Ich arbeitete zu der Zeit bei der Firma Mercedes-Benz als Sekretärin des Präsidenten,
der sich anlässlich einer Zusammenkunft in der Deutsch-Portugiesischen Industrie- und
Handelskammer einige wichtige Gäste eingeladen hatte (u.a. den damaligen deutschen
Wirtschaftsminister wie auch verschiedene Vorstände aus der Automobilbranche). Das
Sekretariat sollte diesen Besuch also so präzise wie möglich organisieren. Es
wurde eine Besichtigungsfahrt durch Sintra gemacht, bei der man die Paläste und
auch das Korkkloster Capuchos besichtigen sollte. Vorausschauend wies man in der Einladung
darauf hin, dass das Kloster sehr schlecht begehbar sei und man sich entsprechendes
Schuhwerk anziehen möge. Nur leider wurden diese Hinweise von den Damen nicht
so genau beachtet. So ging man mit Stöckelschuhen und kurzen Sommerkleidern durch
die engen und niedrigen Räume des Klosters. Abgebrochene Absätze, eingerissene
Röcke und angeschlagene Köpfe waren die Folge. Ziemlich lädiert stiegen die
Herrschaften wieder in den Bus, der sie zurück in ihr Hotel fuhr. Zu allem Überfluss
goss es auch noch in Strömen. Trotzdem fanden alle, dass die Fahrt durch Sintra und
der Besuch des Klosters ein einmaliges und unvergessliches Erlebnis war.
Die Geschichte
1560 hatte Dom Álvaro de Castro das Kloster aufgrund eines Gelübdes
seines verstorbenen Vaters Dom João de Castro (Vizekönig von Indien) errichtet.

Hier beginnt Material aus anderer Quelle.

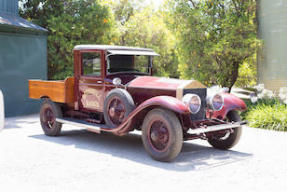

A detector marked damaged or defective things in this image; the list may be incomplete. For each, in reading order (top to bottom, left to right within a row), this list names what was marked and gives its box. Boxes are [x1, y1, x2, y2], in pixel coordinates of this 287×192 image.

rusty red patina [29, 45, 250, 162]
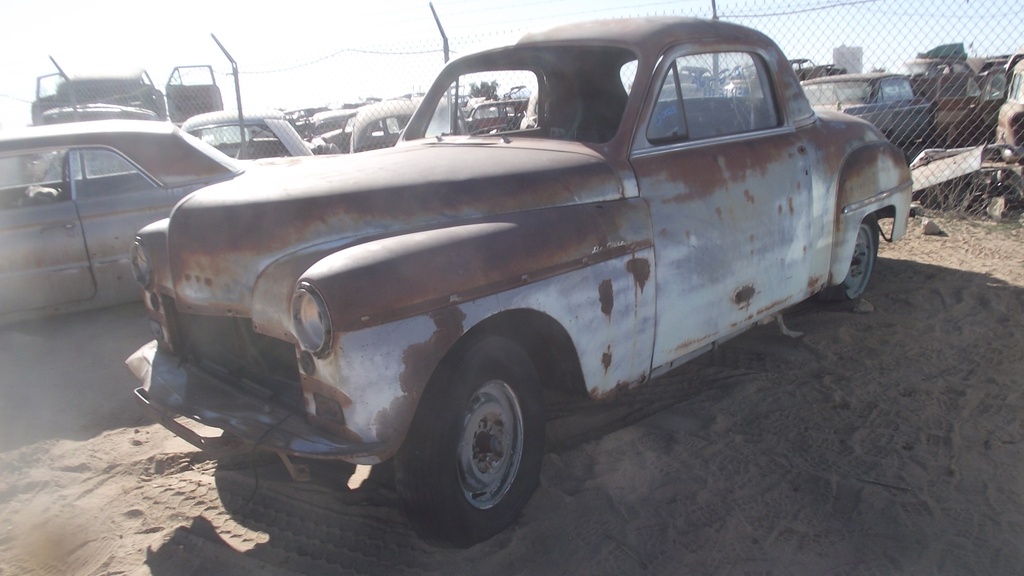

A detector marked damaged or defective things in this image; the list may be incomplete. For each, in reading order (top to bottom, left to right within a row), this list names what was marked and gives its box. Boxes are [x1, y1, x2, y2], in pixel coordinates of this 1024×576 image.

rusted vintage car [1, 119, 242, 323]
rusted vintage car [128, 17, 913, 545]
rust patch [622, 256, 647, 291]
rust patch [733, 282, 757, 307]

Er war D. Sebastiãos (König von Portugal von 1568 - 1577) Staatsberater und
Inspektor der Finanzbehörde. In diesem einzigartigen, verträumt zwischen Felsen
versteckten Waldkloster führten Mönche des Ordens der Alcantariner, der von
São Pedro de Alcântara als Abspaltung der Franziskaner gegründet worden war,
ein karges, weltabgeschiedenes Leben. Sie blieben der Idee der Bettelorden treu und lehnten
weltlichen Besitz ab.
Das reduzierte Ausmaß der Klosterzellen und der Schlafräume wie auch der Kapelle,
die alle mit Kork ausgelegt waren, brachten William Beckford nach seinem Besuch 1787 dazu,
über den Konvent zu schreiben: "(...) wir folgten während einiger Meilen einem
schmalen Pfad über einen wüsten und kargen Hügel, welcher uns zum Kapuzinerkonvent
führte, der dem ersten Anschein nach der Vorstellung des Hauses von Robinson Crusoe entspricht."
Das Kloster versinnbildlicht das Ideal der Brüderlichkeit und des allumfassenden
Zusammenhalts der franziskanischen Ordensbrüder. Das Klosterportal, ein einfaches Dach
mit korkverkleideten Holzbalken, drückt die Armut und Zurückhaltung aus. Das
Kapuzinerkloster wurde 1834 verlassen durch die Abschaffung der religiösen Orden,
die das liberale Regime anordnet hatte. Die noch existierenden, kunstvollen Elemente des
Gebäudes erscheinen heute sehr zerfallen, ein Ergebnis der schon vergangenen Zeit und
überdies des Vandalismus, unter dem dieses Monument sehr zu leiden hatte.
Das Kloster
Bei einem Besuch der Anlage wird einem die Winzigkeit der Flure, die in Granitbrocken
eingemeißelt sind, bewusst und man lässt sich entführen in den immer
halbdunklen Alltag dieser Kapuzinermönche. Von der Kirche aus kommt man in den Hochaltar,
wo die Lieder der Heiligen Messe angestimmt wurden. Weiter hinten entdeckt man den Eingang
zu den Fluren der einzelnen Zellen, deren Türen von kleinem Umfang sind und zu einer
knienden Position zwingen, einem Ausdruck der Demut vor dem Leben an diesem Ort.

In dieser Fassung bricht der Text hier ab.